And so it begins…
Northrop chief warns on fight over US tanker
By Sylvia Pfeifer and Kevin Done in Farnborough
Published: July 16 2008 03:00 | Last updated: July 16 2008 03:00
Ronald Sugar, the chief executive of Northrop Grumman, the defence company that is battling with Boeing to win a contract to provide tankers to the US Air Force, has warned of "dire consequences to the transatlantic alliance" if the competition were to be influenced for protectionist reasons.
The competition between Northrop and its European partner, EADS, and Boeing for the $35bn contract to provide refuelling tankers to the USAF has attracted an unprecedented amount of political attention in recent months. Northrop and EADS originally won the contract in February, a victory some Boeing supporters warned would cost American jobs.
The two saw their victory dramatically overturned last week as the US Department of Defence decided to re-open the competition after Boeing complained about the process of the initial competition.

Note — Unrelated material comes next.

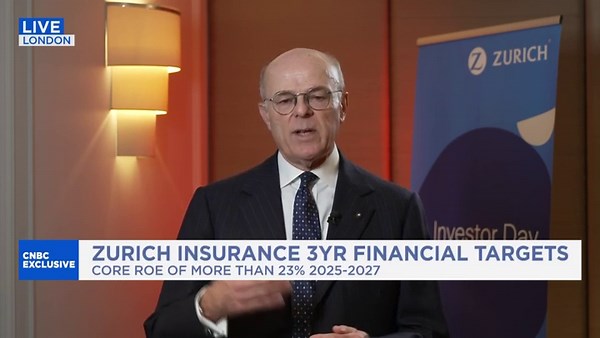 Zurich Insurance confident to get a return on equity above 23% over the next three years, says CEO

The decision came after a damning report by the General Accountability Office, an arm of Congress, which said it agreed with Boeing that there had been flaws in the process used to choose Northrop and EADS.
"There will be dire consequences to transatlantic alliance if this decision is reversed on political grounds because it would basically send a chilling signal in terms of our relationship with our most trusted Allies that we do have to fight together with in the future," Mr Sugar said in an interview with the Financial Times at the Farnborough International Airshow.
"All major US defence and aerospace companies fully support international trade and global access to technology. We have one strange anomaly here where for the purpose of this programme you have an argument being made for the purposes of protectionism. But even the companies involved, even our adversary here, is extraordinarily supportive of international trade - they have to be, they built half of the 787 out of the US," he added.
According to Mr Sugar, much of the political noise surrounding the competition was due to "a handful of political people who are more concerned about work in their state".
"The bizarreness of this is that [the Northrop/EADS proposal] will create 48,000 new jobs in the US and we are an American company," he added.
Speaking separately at the Farnborough show, Jim McNerney, chief executive of Boeing, insisted that protectionism had had nothing to do with the company's protest. Its protest had been based on the process. "This is a technical issue for us. I have worked hard to get our employees to focus on the issue in this way," he said.
Mr McNerney said the company's protest could risk its working relationship with the USAF, although this was its first objection to a procurement process, whereas Boeing's rivals had filed at least 28 protests in the last decade.